What you are asked to do - Begin your copy at the line holding "Золотой дракон Пластиковый" and end it at the last line of the listing. Keep every line exact and leave out the pictures.

Dataset extract -
════════
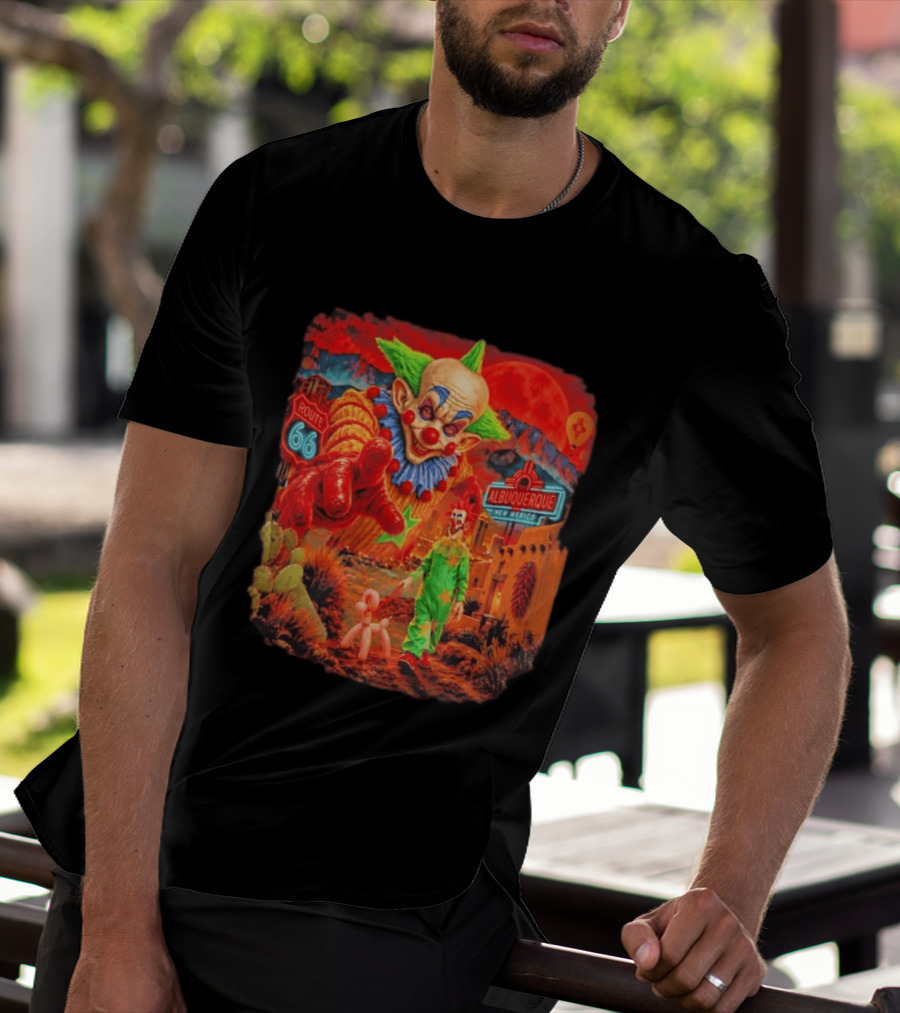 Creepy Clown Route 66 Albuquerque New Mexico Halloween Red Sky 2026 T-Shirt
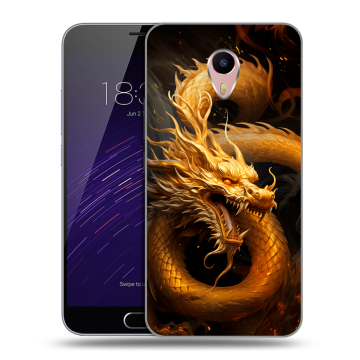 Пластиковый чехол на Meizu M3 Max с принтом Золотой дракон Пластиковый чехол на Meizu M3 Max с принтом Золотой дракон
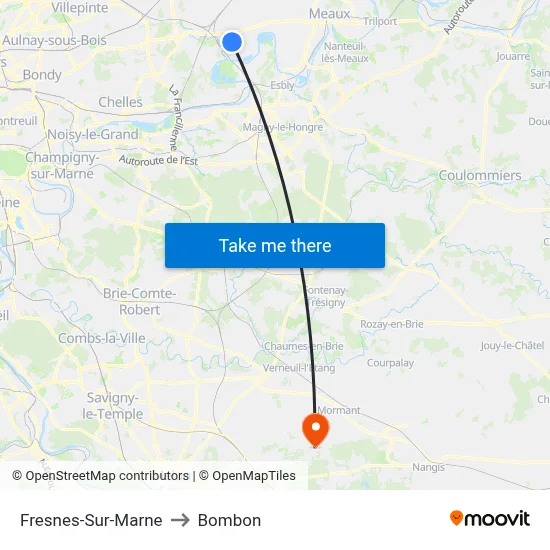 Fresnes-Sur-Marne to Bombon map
════════
Exercise result -
 Пластиковый чехол на Meizu M3 Max с принтом Золотой дракон Пластиковый чехол на Meizu M3 Max с принтом Золотой дракон
 Fresnes-Sur-Marne to Bombon map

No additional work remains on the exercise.